### [What the task requires]
Copy the records below word for word. Stop after the line that contains "2020 Lincoln Navigator Reserve - Image 2".

*** Block opens ***

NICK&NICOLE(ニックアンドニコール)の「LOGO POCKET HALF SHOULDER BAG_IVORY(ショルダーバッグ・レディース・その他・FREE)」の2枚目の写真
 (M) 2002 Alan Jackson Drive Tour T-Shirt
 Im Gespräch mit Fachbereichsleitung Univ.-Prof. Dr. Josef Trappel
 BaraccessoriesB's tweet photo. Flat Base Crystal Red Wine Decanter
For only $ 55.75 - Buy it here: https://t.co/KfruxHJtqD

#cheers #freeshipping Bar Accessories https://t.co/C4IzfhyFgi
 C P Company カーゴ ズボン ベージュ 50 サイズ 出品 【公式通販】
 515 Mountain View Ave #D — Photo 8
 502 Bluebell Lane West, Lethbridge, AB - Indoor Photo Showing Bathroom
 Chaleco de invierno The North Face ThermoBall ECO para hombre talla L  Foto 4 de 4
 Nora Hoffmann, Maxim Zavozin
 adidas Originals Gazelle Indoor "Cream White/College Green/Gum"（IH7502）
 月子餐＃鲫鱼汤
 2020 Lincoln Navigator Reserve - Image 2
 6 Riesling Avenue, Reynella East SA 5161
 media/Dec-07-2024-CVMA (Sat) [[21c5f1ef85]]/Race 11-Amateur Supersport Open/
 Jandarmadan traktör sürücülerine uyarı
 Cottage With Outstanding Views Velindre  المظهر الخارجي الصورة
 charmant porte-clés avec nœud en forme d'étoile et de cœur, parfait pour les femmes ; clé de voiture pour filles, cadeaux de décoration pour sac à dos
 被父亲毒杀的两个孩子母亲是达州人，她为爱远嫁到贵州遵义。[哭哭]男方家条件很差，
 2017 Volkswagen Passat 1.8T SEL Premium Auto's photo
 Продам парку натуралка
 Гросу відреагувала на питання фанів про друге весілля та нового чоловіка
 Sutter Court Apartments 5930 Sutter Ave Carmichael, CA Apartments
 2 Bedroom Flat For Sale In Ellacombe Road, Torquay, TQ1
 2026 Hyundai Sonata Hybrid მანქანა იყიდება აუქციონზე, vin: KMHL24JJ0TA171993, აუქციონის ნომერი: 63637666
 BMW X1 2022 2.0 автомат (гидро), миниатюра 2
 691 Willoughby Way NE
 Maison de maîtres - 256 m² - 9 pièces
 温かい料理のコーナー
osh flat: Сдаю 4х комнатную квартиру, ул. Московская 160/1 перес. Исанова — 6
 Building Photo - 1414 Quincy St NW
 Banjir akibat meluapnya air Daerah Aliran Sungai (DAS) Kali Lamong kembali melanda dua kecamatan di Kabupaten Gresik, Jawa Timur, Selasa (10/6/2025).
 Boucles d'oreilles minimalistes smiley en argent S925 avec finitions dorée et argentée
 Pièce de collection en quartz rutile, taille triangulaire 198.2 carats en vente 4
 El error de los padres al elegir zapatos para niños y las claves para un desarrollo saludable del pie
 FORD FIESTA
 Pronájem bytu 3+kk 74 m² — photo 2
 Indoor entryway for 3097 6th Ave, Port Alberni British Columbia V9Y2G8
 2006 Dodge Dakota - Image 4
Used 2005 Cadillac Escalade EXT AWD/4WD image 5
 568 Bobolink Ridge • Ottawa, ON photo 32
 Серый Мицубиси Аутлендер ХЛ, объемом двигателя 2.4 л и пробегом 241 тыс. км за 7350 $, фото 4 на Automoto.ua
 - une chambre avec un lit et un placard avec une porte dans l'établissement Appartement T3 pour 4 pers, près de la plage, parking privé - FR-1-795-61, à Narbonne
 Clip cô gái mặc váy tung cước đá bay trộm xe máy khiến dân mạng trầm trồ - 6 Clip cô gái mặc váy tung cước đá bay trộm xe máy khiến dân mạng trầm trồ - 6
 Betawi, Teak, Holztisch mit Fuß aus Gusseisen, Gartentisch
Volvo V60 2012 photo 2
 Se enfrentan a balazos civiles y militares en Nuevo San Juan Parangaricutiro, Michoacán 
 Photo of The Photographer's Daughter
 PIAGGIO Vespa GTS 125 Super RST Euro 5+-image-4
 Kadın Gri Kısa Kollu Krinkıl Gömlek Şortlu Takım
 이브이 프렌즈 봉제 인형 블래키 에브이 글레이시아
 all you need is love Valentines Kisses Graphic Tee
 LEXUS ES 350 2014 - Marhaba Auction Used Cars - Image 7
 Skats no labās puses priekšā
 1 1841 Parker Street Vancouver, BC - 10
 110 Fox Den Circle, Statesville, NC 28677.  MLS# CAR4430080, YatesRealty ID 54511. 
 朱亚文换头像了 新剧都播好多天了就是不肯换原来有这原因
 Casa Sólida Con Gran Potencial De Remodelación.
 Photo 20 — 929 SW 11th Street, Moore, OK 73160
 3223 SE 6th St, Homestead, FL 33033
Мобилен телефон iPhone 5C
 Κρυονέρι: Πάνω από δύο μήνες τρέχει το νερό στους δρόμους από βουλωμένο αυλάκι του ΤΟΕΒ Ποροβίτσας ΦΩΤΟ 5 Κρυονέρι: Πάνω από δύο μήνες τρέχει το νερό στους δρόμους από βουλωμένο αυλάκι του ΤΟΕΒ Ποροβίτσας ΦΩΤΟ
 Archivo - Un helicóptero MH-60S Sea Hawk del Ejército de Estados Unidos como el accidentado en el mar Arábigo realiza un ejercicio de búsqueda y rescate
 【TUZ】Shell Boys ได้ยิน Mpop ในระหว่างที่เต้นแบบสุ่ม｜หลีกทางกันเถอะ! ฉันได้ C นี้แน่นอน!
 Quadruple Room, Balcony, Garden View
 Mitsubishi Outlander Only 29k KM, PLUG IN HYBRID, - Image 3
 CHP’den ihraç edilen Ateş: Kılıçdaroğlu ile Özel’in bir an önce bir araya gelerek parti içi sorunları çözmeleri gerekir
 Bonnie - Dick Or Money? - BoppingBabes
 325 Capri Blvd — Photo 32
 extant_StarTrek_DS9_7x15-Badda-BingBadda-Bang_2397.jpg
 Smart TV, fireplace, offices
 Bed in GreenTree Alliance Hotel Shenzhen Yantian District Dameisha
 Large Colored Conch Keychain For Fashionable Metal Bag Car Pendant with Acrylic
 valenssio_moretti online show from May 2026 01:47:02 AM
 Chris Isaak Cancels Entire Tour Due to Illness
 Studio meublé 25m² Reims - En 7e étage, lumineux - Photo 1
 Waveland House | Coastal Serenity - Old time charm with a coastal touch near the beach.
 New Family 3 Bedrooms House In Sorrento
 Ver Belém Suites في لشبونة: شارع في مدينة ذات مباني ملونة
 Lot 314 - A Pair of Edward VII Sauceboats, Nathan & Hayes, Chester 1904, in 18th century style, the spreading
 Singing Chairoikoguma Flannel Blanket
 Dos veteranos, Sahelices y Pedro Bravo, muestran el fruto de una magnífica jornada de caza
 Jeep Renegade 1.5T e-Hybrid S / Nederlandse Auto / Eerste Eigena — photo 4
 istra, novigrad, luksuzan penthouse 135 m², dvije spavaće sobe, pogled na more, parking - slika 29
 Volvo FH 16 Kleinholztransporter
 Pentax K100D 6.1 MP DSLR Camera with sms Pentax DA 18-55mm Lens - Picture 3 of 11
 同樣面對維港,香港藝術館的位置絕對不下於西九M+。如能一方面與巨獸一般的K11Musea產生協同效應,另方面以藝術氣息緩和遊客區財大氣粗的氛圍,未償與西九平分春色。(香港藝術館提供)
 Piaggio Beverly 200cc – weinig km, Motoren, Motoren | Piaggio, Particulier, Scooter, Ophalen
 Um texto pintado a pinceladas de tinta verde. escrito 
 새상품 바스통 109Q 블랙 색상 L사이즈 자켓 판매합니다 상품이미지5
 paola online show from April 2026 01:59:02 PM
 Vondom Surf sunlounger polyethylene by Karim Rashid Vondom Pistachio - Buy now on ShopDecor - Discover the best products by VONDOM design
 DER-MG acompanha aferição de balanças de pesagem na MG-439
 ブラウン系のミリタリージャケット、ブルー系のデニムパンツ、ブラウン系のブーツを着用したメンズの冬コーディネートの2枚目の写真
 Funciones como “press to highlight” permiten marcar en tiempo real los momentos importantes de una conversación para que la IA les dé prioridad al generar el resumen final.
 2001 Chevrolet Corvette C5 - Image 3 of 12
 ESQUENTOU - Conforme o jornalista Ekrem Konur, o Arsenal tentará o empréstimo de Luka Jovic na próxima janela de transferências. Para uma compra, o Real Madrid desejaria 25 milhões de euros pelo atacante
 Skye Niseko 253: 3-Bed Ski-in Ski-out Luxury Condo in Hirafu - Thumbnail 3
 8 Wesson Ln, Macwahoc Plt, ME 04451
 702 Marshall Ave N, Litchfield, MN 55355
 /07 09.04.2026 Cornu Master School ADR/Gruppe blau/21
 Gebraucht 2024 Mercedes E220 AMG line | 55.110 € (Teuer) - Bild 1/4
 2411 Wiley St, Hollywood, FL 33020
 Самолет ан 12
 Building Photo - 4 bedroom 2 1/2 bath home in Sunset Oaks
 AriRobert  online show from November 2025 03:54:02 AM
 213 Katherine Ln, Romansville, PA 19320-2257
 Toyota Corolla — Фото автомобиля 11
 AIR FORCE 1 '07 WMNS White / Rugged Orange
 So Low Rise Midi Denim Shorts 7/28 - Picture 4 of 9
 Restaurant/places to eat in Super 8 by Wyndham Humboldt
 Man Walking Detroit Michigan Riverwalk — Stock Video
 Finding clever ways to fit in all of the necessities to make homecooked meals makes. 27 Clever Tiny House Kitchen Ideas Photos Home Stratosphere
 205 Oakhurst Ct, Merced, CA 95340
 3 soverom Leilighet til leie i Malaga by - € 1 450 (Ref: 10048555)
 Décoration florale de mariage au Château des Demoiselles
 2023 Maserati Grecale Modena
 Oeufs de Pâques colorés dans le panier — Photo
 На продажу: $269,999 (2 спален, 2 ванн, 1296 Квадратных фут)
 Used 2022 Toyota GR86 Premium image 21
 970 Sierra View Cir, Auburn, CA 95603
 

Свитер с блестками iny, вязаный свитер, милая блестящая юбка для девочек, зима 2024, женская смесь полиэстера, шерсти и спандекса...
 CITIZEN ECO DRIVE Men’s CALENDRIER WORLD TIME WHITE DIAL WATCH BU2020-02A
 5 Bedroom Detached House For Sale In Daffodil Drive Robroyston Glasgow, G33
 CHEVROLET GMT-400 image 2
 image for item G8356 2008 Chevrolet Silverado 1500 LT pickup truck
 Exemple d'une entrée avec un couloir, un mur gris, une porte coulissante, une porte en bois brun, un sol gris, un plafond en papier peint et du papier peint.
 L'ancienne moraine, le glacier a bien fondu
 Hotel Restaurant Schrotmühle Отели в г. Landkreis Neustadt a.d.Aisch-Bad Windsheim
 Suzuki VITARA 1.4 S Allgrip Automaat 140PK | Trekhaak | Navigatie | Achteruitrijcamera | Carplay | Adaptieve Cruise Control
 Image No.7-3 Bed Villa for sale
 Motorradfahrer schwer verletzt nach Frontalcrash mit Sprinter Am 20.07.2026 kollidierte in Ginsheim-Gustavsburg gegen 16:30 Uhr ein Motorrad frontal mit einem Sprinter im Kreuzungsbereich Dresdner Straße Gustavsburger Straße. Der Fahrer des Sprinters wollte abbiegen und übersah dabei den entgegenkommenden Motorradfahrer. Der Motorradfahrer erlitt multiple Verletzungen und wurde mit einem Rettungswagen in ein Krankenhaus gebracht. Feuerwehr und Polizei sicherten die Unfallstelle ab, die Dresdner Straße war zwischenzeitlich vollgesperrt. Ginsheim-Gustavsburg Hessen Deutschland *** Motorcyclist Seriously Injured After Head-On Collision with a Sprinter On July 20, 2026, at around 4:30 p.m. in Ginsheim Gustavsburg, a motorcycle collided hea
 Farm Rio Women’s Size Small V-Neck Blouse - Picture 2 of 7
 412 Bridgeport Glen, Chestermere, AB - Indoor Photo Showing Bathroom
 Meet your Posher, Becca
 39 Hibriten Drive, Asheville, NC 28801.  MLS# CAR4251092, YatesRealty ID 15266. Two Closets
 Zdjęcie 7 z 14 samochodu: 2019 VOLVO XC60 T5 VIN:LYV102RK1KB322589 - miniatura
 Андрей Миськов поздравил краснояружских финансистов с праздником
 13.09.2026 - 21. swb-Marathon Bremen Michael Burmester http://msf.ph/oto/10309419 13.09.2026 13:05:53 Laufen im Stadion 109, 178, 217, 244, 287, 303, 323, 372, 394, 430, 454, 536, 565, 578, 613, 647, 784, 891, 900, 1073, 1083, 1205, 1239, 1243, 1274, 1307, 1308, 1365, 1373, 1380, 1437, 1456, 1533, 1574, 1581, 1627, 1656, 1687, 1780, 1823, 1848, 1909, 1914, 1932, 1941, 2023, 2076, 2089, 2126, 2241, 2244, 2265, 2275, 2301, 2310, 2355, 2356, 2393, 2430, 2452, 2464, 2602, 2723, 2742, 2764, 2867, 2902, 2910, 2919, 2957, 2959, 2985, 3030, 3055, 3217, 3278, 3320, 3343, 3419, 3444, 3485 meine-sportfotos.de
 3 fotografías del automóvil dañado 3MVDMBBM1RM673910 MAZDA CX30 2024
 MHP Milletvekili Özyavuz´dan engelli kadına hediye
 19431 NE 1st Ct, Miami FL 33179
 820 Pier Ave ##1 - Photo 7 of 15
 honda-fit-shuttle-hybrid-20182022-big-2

*** Block closes ***

### [Response]
NICK&NICOLE(ニックアンドニコール)の「LOGO POCKET HALF SHOULDER BAG_IVORY(ショルダーバッグ・レディース・その他・FREE)」の2枚目の写真
 (M) 2002 Alan Jackson Drive Tour T-Shirt
 Im Gespräch mit Fachbereichsleitung Univ.-Prof. Dr. Josef Trappel
 BaraccessoriesB's tweet photo. Flat Base Crystal Red Wine Decanter
For only $ 55.75 - Buy it here: https://t.co/KfruxHJtqD

#cheers #freeshipping Bar Accessories https://t.co/C4IzfhyFgi
 C P Company カーゴ ズボン ベージュ 50 サイズ 出品 【公式通販】
 515 Mountain View Ave #D — Photo 8
 502 Bluebell Lane West, Lethbridge, AB - Indoor Photo Showing Bathroom
 Chaleco de invierno The North Face ThermoBall ECO para hombre talla L  Foto 4 de 4
 Nora Hoffmann, Maxim Zavozin
 adidas Originals Gazelle Indoor "Cream White/College Green/Gum"（IH7502）
 月子餐＃鲫鱼汤
 2020 Lincoln Navigator Reserve - Image 2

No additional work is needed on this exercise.